All of which is no doubt the case but here's a thought: like any office or place of work, there are those in the dressing room who think the manager is good, some who think he is okay and some who think he is rubbish. Almost all will say the same thing in public: “The manager is brilliant.”

Lazzerini not the only competitor to find redemption after a comeback

Ross Murdoch's return to the pool following his last year was one of the stories of the Games and he rightly got the plaudits he deserved after a haul of three medals in Birmingham brought the curtain down on his glittering career.
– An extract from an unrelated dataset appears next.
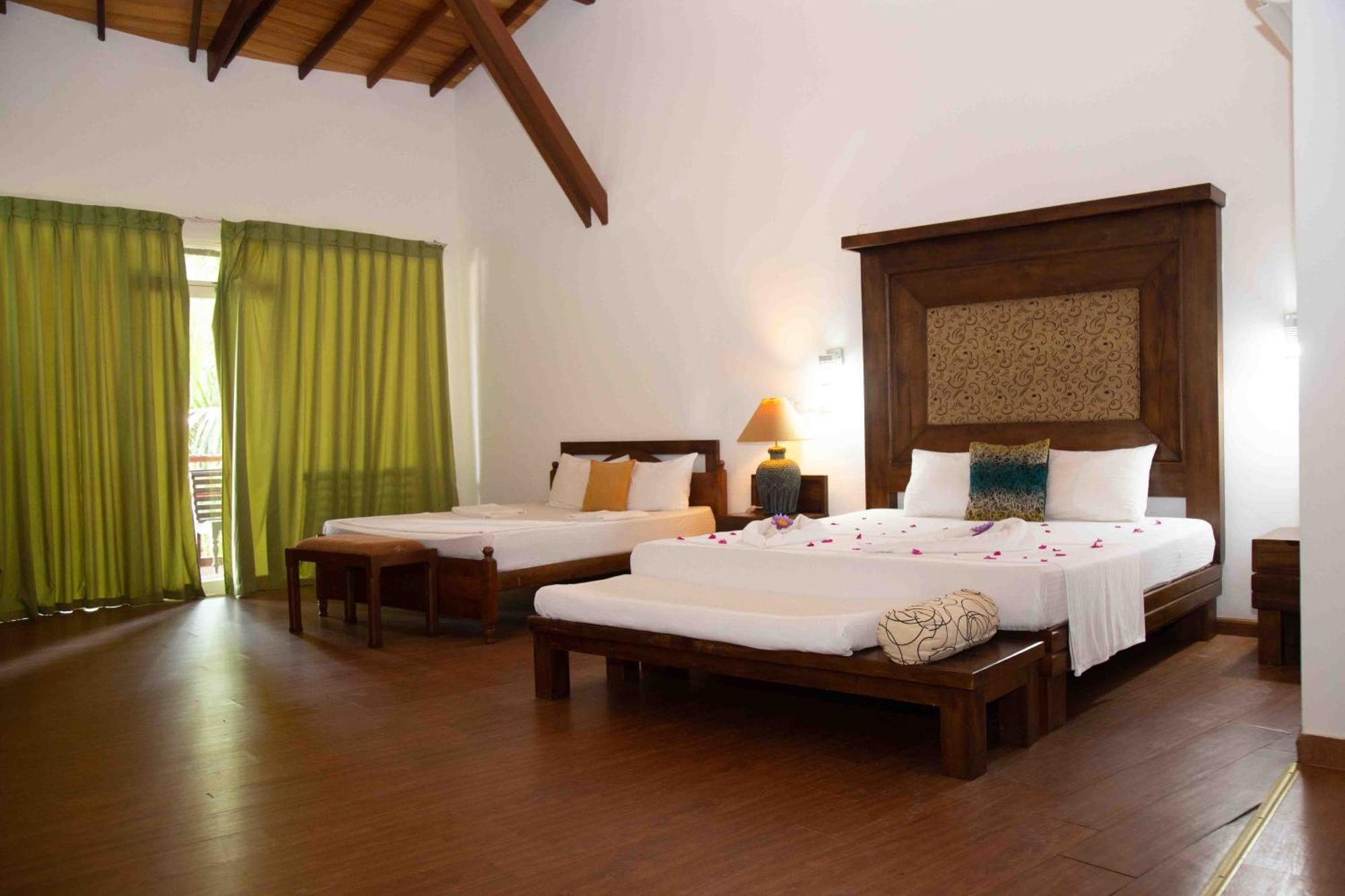 Laluna Ayurveda Resort Bentota Exteriér fotografie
For every Murdoch, though, there is a Craig Benson, a fellow breaststroker, who has never much been blessed with luck and who often seemed to be there or thereabouts without ever quite reaching the heights of Murdoch. Benson was a talented swimmer and once beat the great Michael Phelps at the US Open Championships but often he just missed out as he did when he swam in the heats but not the final for the team that won gold at the 2016 European Championship in the 100m mixed medley relay.

So it was just as pleasing to see him leave the Games with a bronze in the 4x100m medley relay as it was to witness Murdoch's success.
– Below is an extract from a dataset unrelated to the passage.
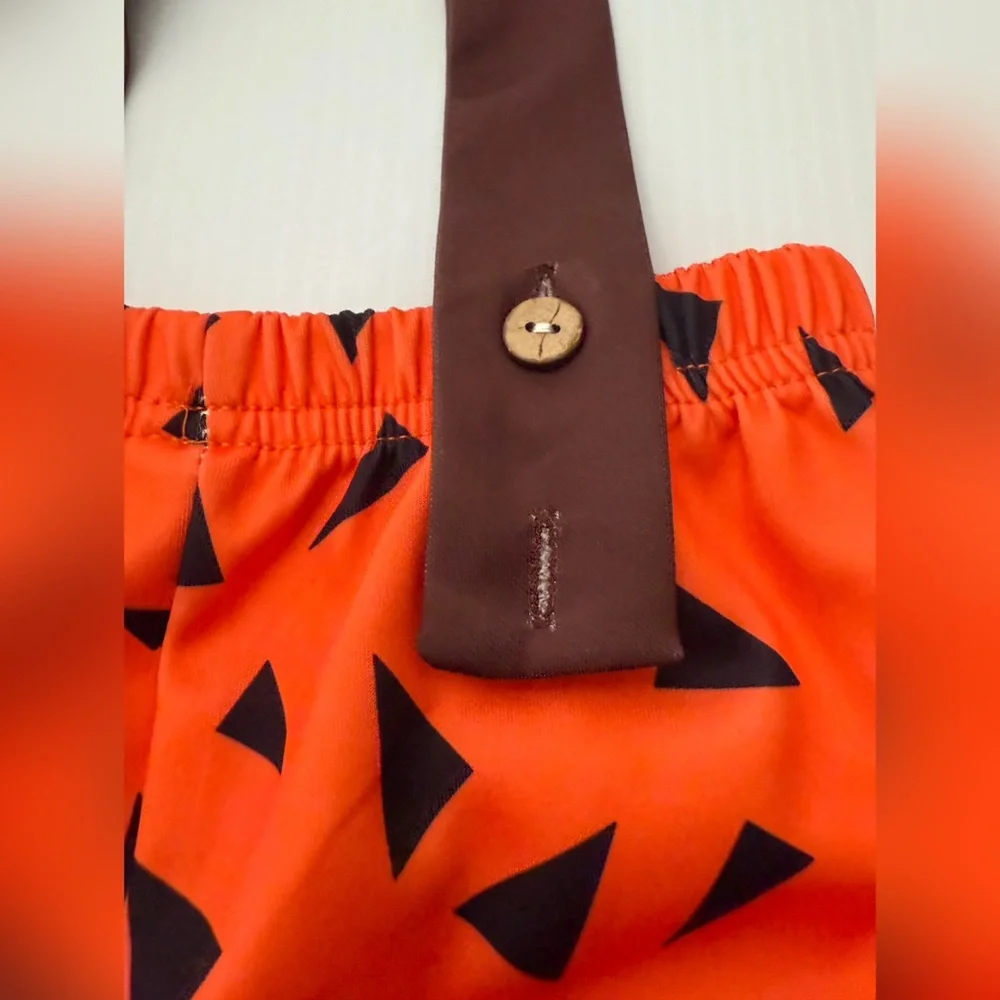 Kid's Classic Flintstones Bam Bam Costume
Argos Aberdeen v Currys Celtic

The Monday kick-off wonders sometimes about the ways in which Scottish football clubs could go about generating increased revenue for themselves. A recent phenomenon of the last decade or so has been to sell the names of the stadium to sponsors. This is particularly irksome for the humble sub-editor who attempts in vain to abbreviate – to name but one - The Fountain of Youth Stadium in order to make it fit into a scoreline box. But what if clubs succumbed to the tendency that has infiltrated European football increasingly in recent seasons whereby traditional team names have been part-bartered away in return for filthy lucre.

Check out the Austrian Bundesliga, for example, where famous old clubs now carry horrendous appendages such as Puntigamer Sturm Graz, Guntamatic Ried, Flyeralarm Admira and CASHPOINT Altach which make a skip through the league table feel as if you are reading about the new additions to the retail park on the outskirts of town. We've already started to see it in Scottish football with Open Goal Broomhill in the Lowland League so is it only a matter of time? Would a chunk of money each season be enough for a Kentucky Fried Motherwell or Halfords Hamilton Academical to ever make it acceptable?


The number of years that have elapsed since Hampden Park hosted the greatest European Cup final of all time between Real Madrid and Eintracht Frankfurt. The two teams meet in Helsinki on Wednesday for the first time since that historic contest to battle for the European Super Cup.